*AIM OF THE TASK*: Nothing but the lines below from the one containing "Cuji 47'' Round" through the one containing "Apparteo Dijon Exteriör bild" should appear in the answer, exact and without pictures.

*SUPPLIED MATERIAL*:

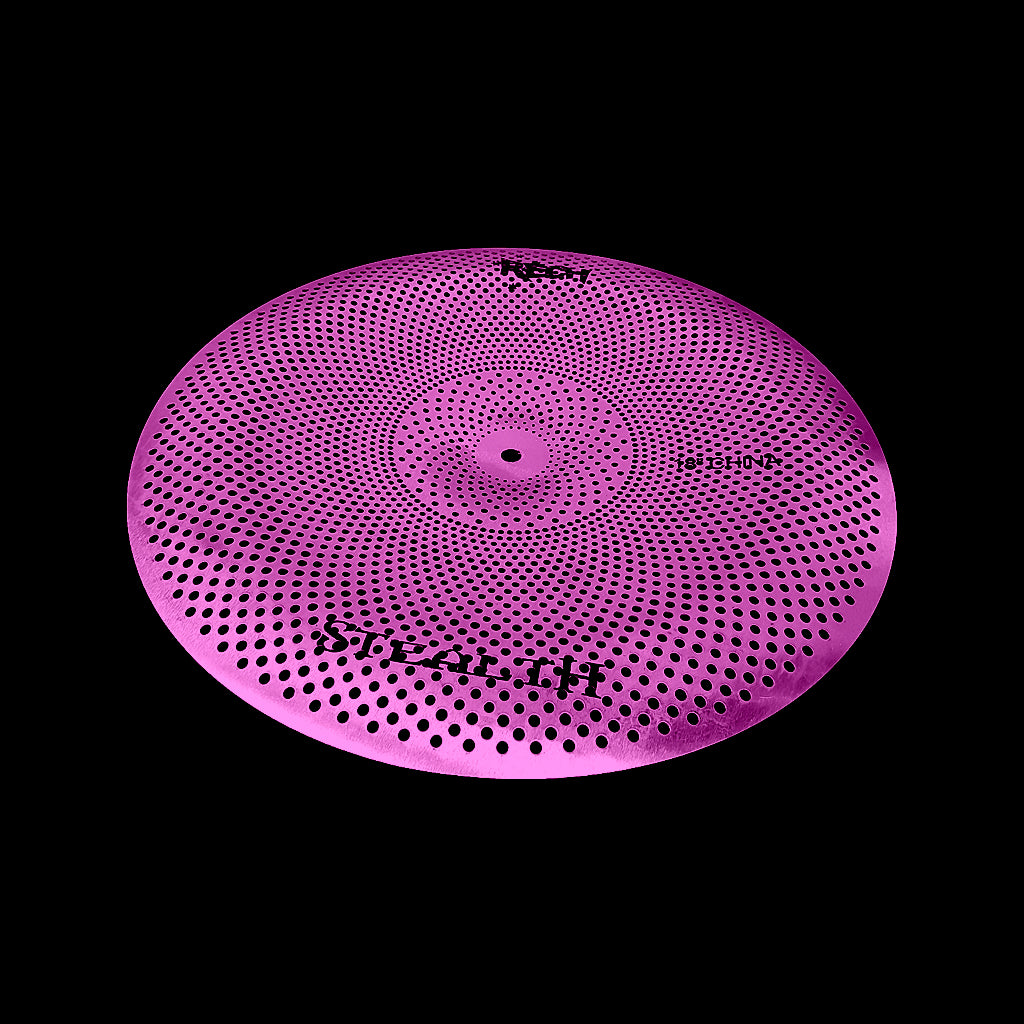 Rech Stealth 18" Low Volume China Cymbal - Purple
--
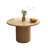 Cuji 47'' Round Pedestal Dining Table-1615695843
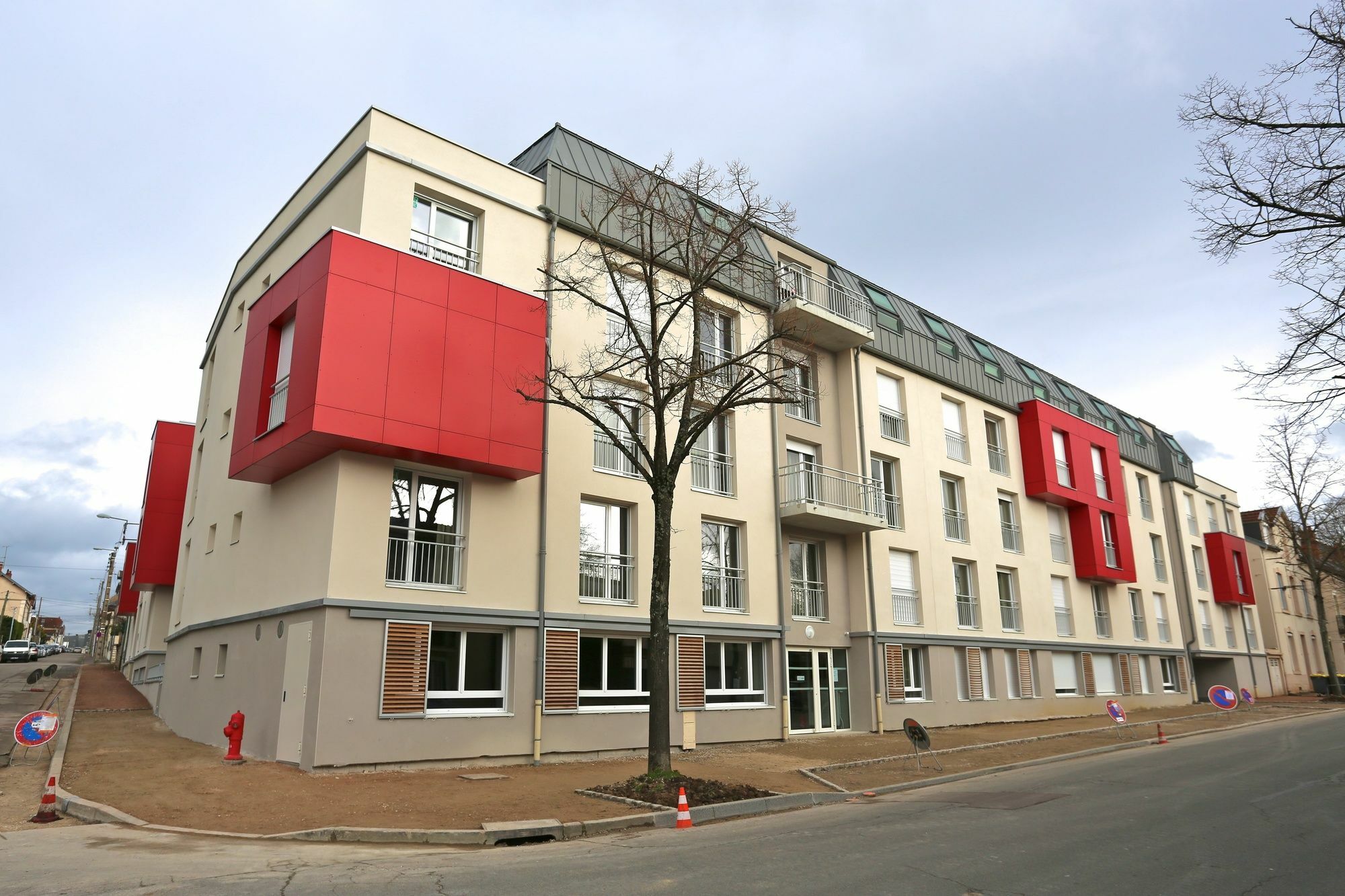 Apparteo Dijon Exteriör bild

*ANSWER SPACE*:
 Cuji 47'' Round Pedestal Dining Table-1615695843
 Apparteo Dijon Exteriör bild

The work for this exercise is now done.